I don't know what I do, really. Anybody who tells you 'this is how you write a story' is lying to you. I saw this documentary where Tom Petty said he writes his songs just by catching them out of the air as they fly by, as if they were birds. My stories are like that, just not as good as Tom Petty songs, and my stories don't fly, they are snakes speeding through the high grass and I catch them by putting my bare foot gently down on them and then getting bitten repeatedly, sometimes poisoned even. I’m forever never learning not to try and catch those snakes. 

What's the rest of the year looking like for you?

I'm going to drink beer with my wife Rae and laugh my ass off. We are going on some big family vacation to a tropical island in October with her parents and her sister and her sister’s husband and a little baby, named Autumn. I like them all very much. I'll be editing my next novel that's being released by Tyrant Books in 2019. That book is called Teenager. It’s my best book by far. 

Outside of your own work, who/what have you been reading recently?

I just read Motherhood by Sheila Heti, thought it was great. Also just read Motherest by Kristen Iskandrian, and Whiskey and Ribbons by Leesa Cross-Smith, both really excellent books. Next up is Chelsea Hodson's Tonight I'm Someone Else, and then Stephen Dixon's Gould. I usually read two or three books a week. Whatever my bookworm friends with good taste say changed their lives, that's what I read. 

via Hobart

via Hobart

For this ongoing author interview series, I'm asking for everyone to present a writing prompt. It can be one that you craft out of thin air, it can be one you created a while ago, or it can be one you adore from an outside source that was passed down to you.

Take a spoonful of cinnamon and try and swallow it without a glass of water. If you swallow the cinnamon you get the Pulitzer Prize. 

No, I’m just kidding. Everything is a writing prompt. Just don’t take it all too seriously. Like you said earlier about things being a cartoon, that’s perfect advice. Let it all be full of wonderment and chance. A cartoon can do anything because there are seldom any rules that can govern it. So, write that way. But don’t make it a gag. Let the universe come to you right outside your window, or better yet, open your window and let it come in your room. Write a story that would embarrass your boss to know you. Write a story that would get you sprung from jail. 

Do you have any advice for writers/poets working on their craft?

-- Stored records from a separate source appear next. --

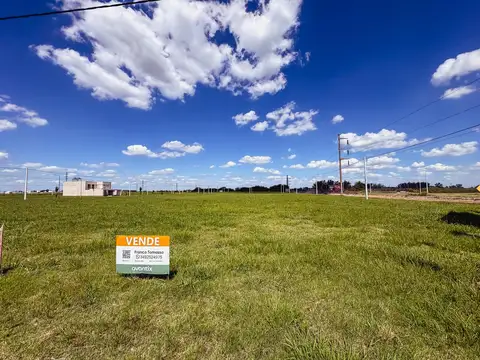 Lote de 280 m2 en barrio Pizzurno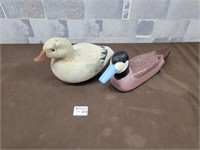 2 Vintage decoration ducks
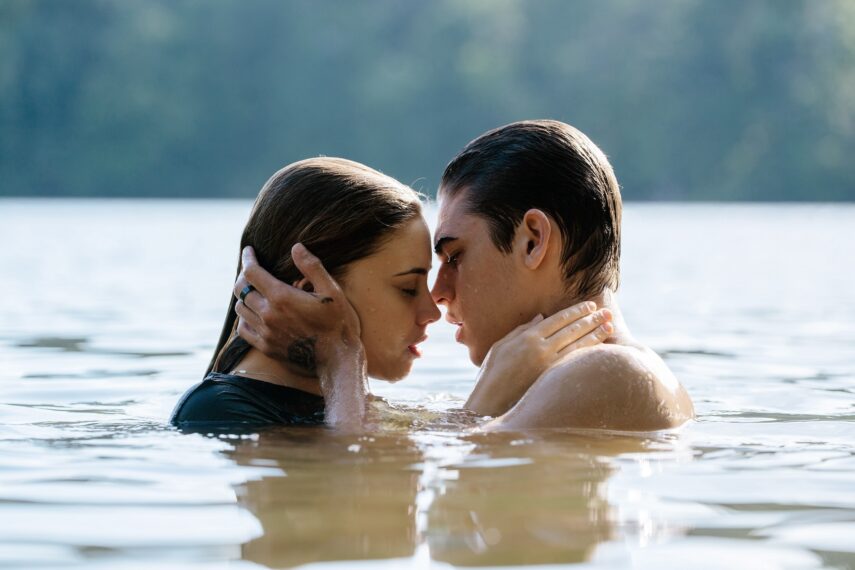 Hero Fiennes Tiffin and Josephine Langord in 'After'
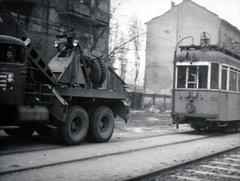 Magyarország, Budapest XI., Somogyi út, a háttérben balra a 23/b és 23/a, jobbra a 17/b számú ház. Balra egy Csepel B 300 autódaru., 1956, Matthaeidesz Konrád, Budapest, forradalom, viszonylatszám, villamos, Kossuth címer, Fortepan #221654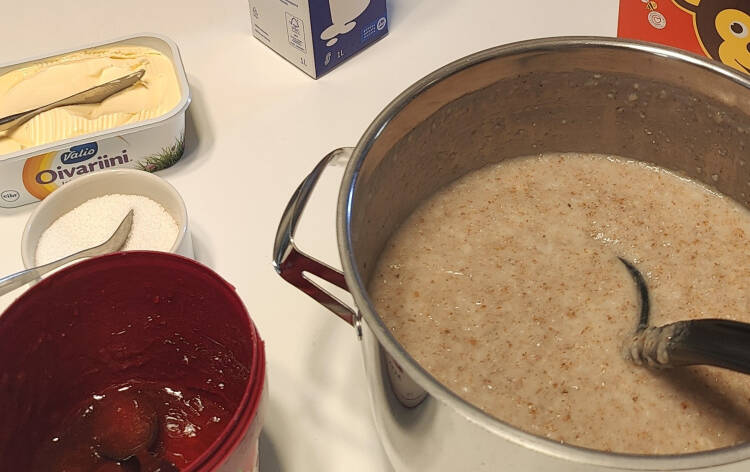 Aamupuuroa ja leipää katettuna pöytään.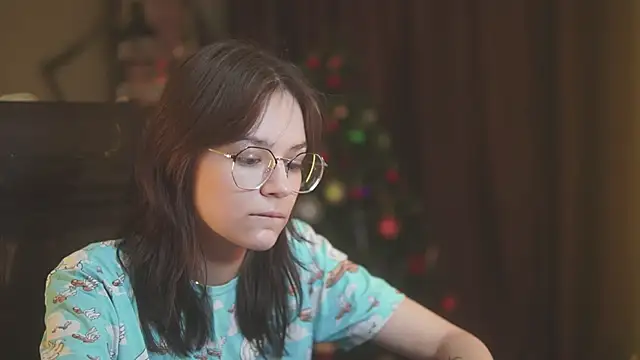 alyssa sweet online show from 12/19/25, 05:32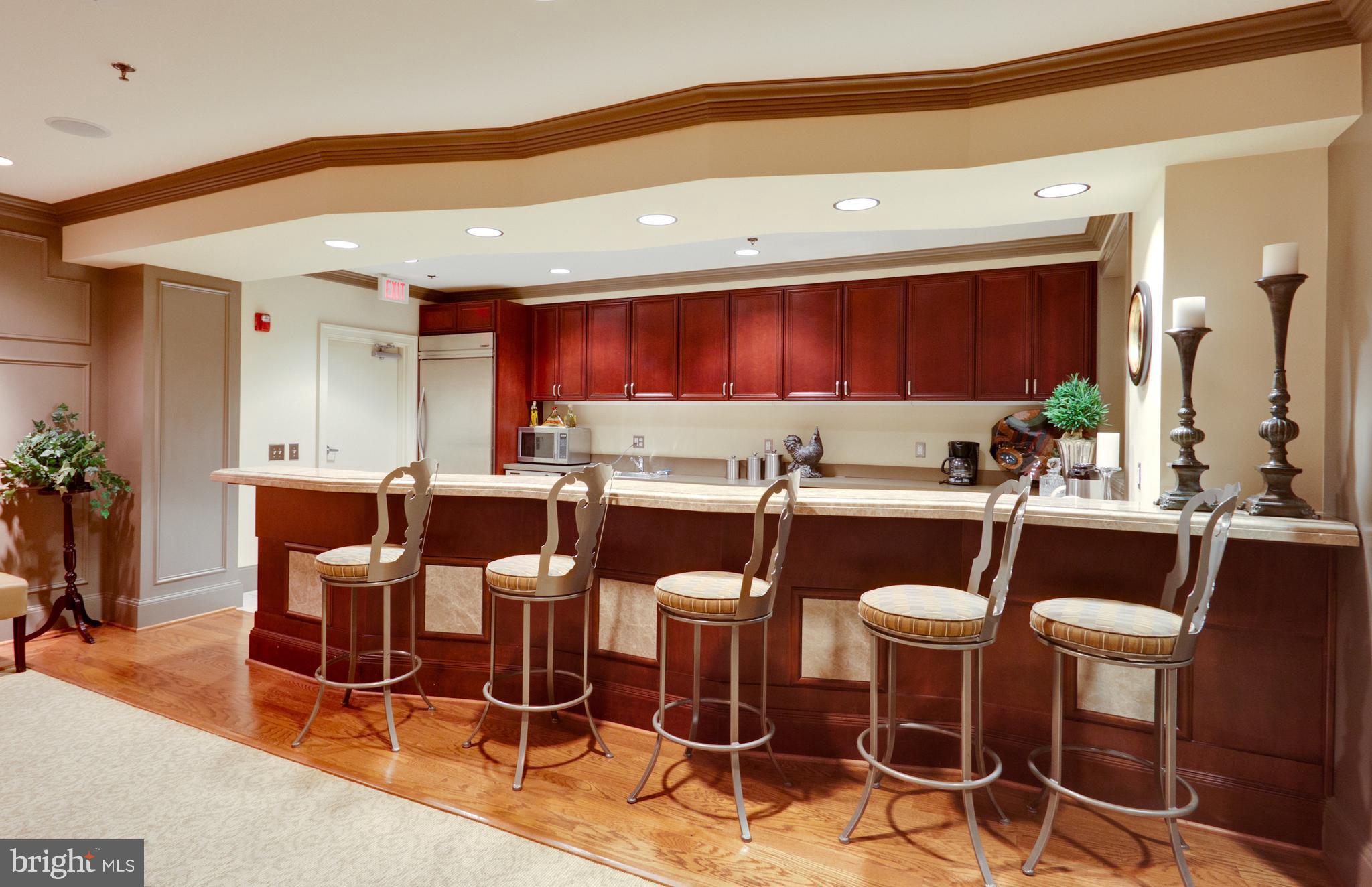 1450 EMERSON AVENUE 210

Try not to think about your craft. Try to think of your work as an alien thing that operates apart from other people's ideas about craft. Write in a way that nobody else can mimic without kidnapping you and putting a knife to your throat, screaming at you, "Make that poem!" I don't know. The best advice anybody ever gave to me was my mom who said, "No you can't have a toy but of course you can have a book." We were a struggling family financially but there was always money for a book. Or, "Yes, of course," she’d say,  "I'll drop whatever I’m doing and take you the library, that is important." Or once I got my driver's license, I could not borrow the car, forget it, and so'd say, "What if I go to the library?"And she’d answer, "Then of course, here's the keys to the car." My advice to writers is to make books more important to yourself than they were before, whatever that was. They are holy objects. 

My advice to writers is what everybody else says, read a lot of books. I think a novelist has to read about 400 novels to write one good novel of their own. Why? Because it makes you as patient as you have to be. My advice to young writers is also to lie to your parents and say you are taking their car to the library but instead of that, go off and get laid. 

Any final thought / words of wisdom?

Helping other people is never a waste of your time. Find a way to be kind to people who could use your help and lend them a hand. But also, shut up about it afterwards. Travel as much as you can. Do things that are bad for you because that’s usually the fun stuff that makes life partially tolerable.